One of the reasons for this development is, of course, the failure of successive governments to articulate the appropriate legal framework that will underpin this reform. At some point in time, all efforts at achieving that descended into confusion as we had countless number of versions of the Petroleum Industry Bill (PIB) before the National Assembly, with no one in particular in the know of which version of the bills the National Assembly was deliberating on”, the group observed.
The DG noted that it was a refreshing relief when this dispensation of the National Assembly came up with the Petroleum Industry Governance Bill (PIGB), which is the only bill before the National Assembly to jump start the long needed reform in the Oil and Gas Sector.
The group therefore commended the National Assembly for bringing sanity to an otherwise confused and conflictual dispensation of reform initiative that characterized the past.

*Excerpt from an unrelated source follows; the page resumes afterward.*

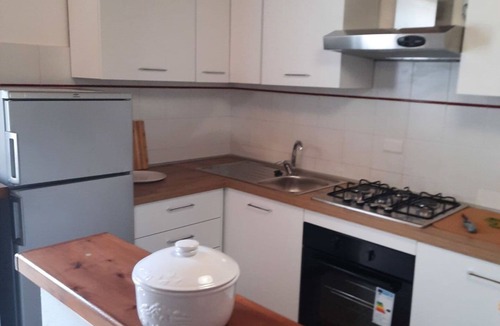 Rosignano Marittimo Villa | Nice apartment in villa for 10 guests with pool, TV and pets allowed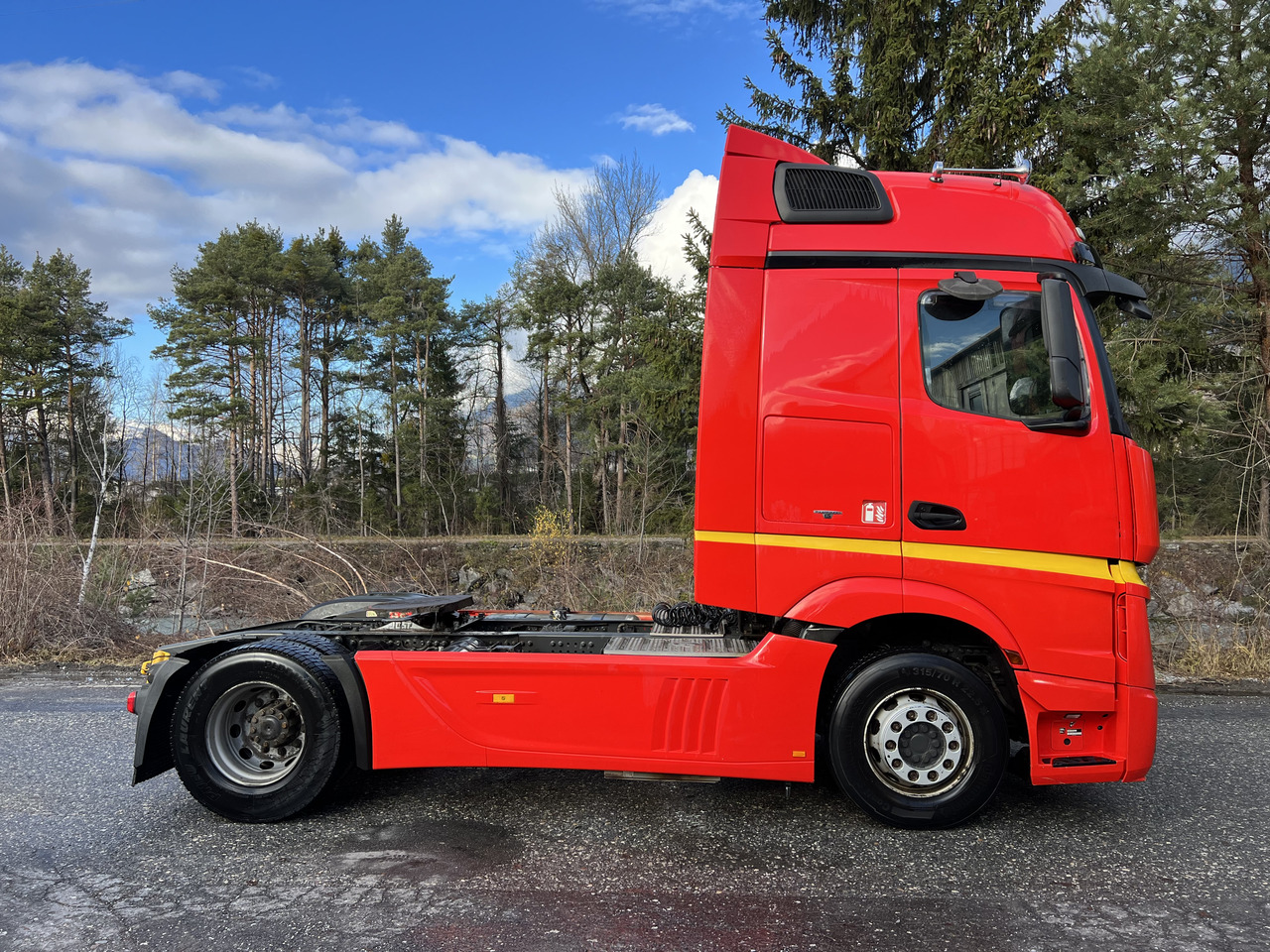 MERCEDES-BENZ Actros 1845 4x2, E6, Retarder - 牵引车:图3 MERCEDES-BENZ Actros 1845 4x2, E6, Retarder - 牵引车:图3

Oriental News Nigeria reports that essentially the Petroleum Industry Governance Bill intends among other things ensure
The creation of efficient and effective governing institutions with clear and separate roles for the petroleum industry, establishment of a framework for the creation (out of existing government-owned entities) of commercially oriented and profit driven entities that will ensure value-add and internationalization of the petroleum industry and promotion of transparency and accountability in the petroleum industry; and
The Bill is also expected to create a conducive business environment for operators in the petroleum just as it is further presumed that it will ensure that there is a high level of transparency in the Nigerian Petroleum Industry whilst at the same time ensuring that the industry is commercially driven and attractive to potential investors.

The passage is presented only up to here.